Onderwijsdoelen 3de graad
In de 3de graad worden de onderwijsdoelen dan opgesplitst in:

  • Eindtermen basisvorming (verschillend per finaliteit).
  • Specifieke eindtermen per studierichting, gericht op doorstroom naar het hoger onderwijs (enkel in D-finaliteit en D/A-finaliteit).
  • Beroepskwalificatie(s) per studierichting, gericht op doorstroom naar de arbeidsmarkt (enkel in D/A-finaliteit en A-finaliteit).

De opsplitsing van de doelen in deze drie onderdelen zorgt ervoor dat er gelijke onderdelen én verschillen zijn tussen studierichtingen.

Basisvorming
De vakken die de leerlingen in de 2de en 3de graad aangeboden krijgen als basisvorming, zijn bijna allemaal bestaande vakken:

  • In de D-finaliteit en D/A-finaliteit gaat het om de vakken: godsdienst, Nederlands, Engels, Frans, geschiedenis, aardrijkskunde, natuurwetenschappen, wiskunde, lichamelijke opvoeding, maatschappelijke, economische en artistieke vorming.
  • In de A-finaliteit gaat het om de vakken: godsdienst, Nederlands, Engels OF Frans, wiskunde, natuurwetenschappen, lichamelijke opvoeding en maatschappelijke vorming.
    Scholen hebben de vrijheid om voor afzonderlijke vakken te kiezen of om geïntegreerd te werken.


Specifiek gedeelte
De basisvorming wordt aangevuld met vakken die specifiek zijn voor de studierichting. Daarnaast is er (net als in de 1ste graad) ook in de 2de en 3de graad een gemeenschappelijk ICT-leerplan en een gemeenschappelijk funderend leerplan, waarvan de doelen een zaak zijn voor het hele lerarenteam.

Studiebekrachtiging
Na het succesvol afronden van het secundair onderwijs, behalen de leerlingen:

  • van de D-finaliteit een diploma secundair onderwijs met onderwijskwalificatie 4.

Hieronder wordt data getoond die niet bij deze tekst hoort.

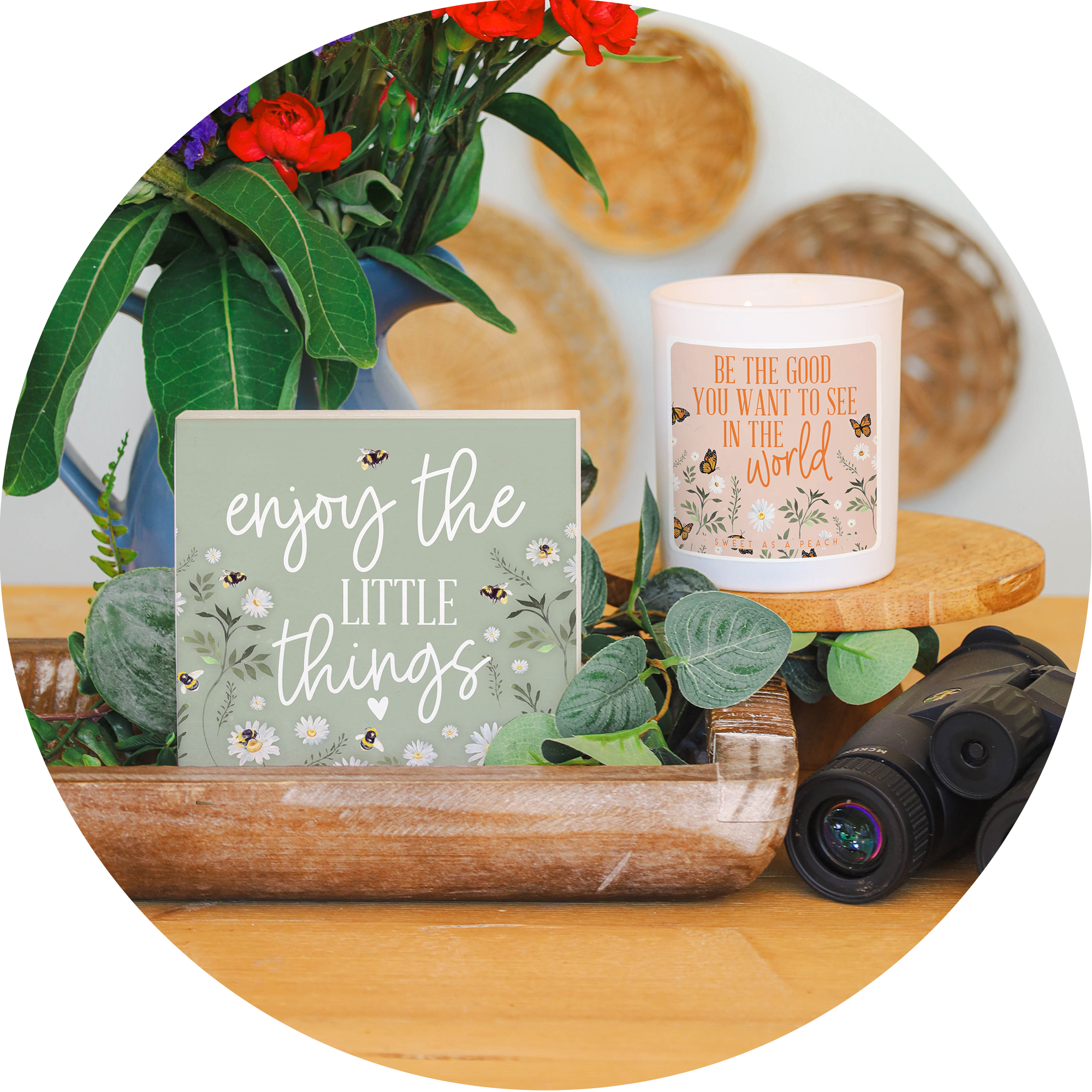 Botanical & Floral-Themed Decor & Gifts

Zij stromen voornamelijk door naar:
-    bacheloropleidingen in het hoger onderwijs
-    Se-n-Se bijzondere wetenschappelijke vorming
-    Se-n-Se bijzondere beeldende/muzikale vorming, dans, woordkunst, drama

  • van de D/A-finaliteit een diploma secundair onderwijs met onderwijskwalificatie 4.

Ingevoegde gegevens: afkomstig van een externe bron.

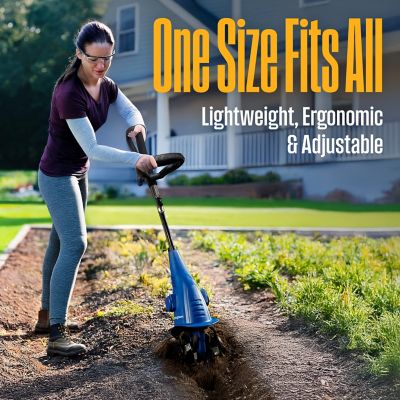 Image showing  6 in. 2.5A Corded Electric Mini Tiller Cultivator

Zij stromen voornamelijk door naar:
-    bacheloropleidingen in het hoger onderwijs
-    HBO5-opleidingen
-    Een beroepsgerichte Se-n-Se
-    Se-n-Se bijzondere wetenschappelijke vorming
-    Se-n-Se bijzondere beeldende/muzikale vorming, dans, woordkunst, drama

  • van de A-finaliteit een diploma secundair onderwijs met onderwijskwalificatie 3.

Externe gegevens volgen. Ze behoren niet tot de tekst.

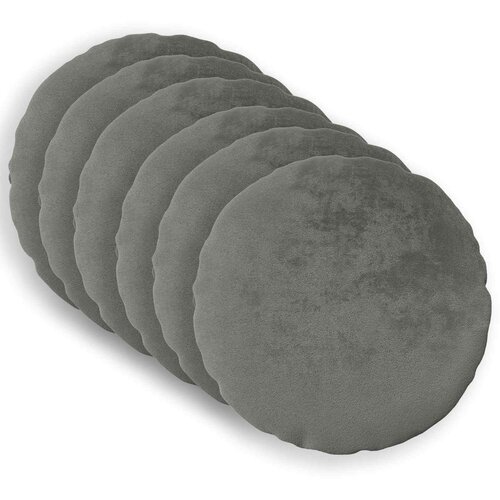  Presvlaka za jastuk 6 pcs HEERLEN Tamnosiva &Oslash; 30 cm Flanel Cijene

Zij stromen voornamelijk door naar:
-    de arbeidsmarkt
-    HBO5-opleidingen
-    Een beroepsgerichte Se-n-Se
-    Se-n-Se voorbereiding hoger onderwijs

Aandachtspunten voor ouders
  • Volgens het participatiedecreet moeten (ontwerp-)beslissingen m.b.t. het studieaanbod voor overleg voorgelegd worden aan de schoolraad. Overleggen omvat meer dan informeren! Ga het gesprek aan.
  • De planning van het Katholiek onderwijsaanbod gebeurt per bisdom in de Diocesane Planificatie en CoördinatieCommissie (DPCC). Deze procedure is aan een strikte timing gebonden.  
  • Het studieaanbod is geen gemakkelijke materie. Aarzel niet om toelichting te vragen.
  • Overleg over de invulling van de differentiatiepakketten, de keuze voor basisopties en studierichtingen is een belangrijke zaak. 
  • Hou steeds het aanbod in de hogere jaren in het oog. Indien er geen continuïteit in studierichtingen wordt aangeboden op een school, is het leerlingenverloop zeer groot.
  • Hou het aanbod van scholen in de buurt in het oog. Het kan verstandig zijn om net die studierichtingen aan te bieden die een nabijgelegen school niet aanbiedt, of om een bepaalde populaire studierichting juist ook aan te bieden. Omvormen tot domeinscholen met nauwe samenwerking met andere scholen in de buurt is een mogelijkheid.
  • Bij de keuze voor bepaalde studierichtingen bekijk je best ook wat infrastructureel en materieel mogelijk is: in sommige studierichtingen worden bepaalde materiële vereisten opgelegd aan de school.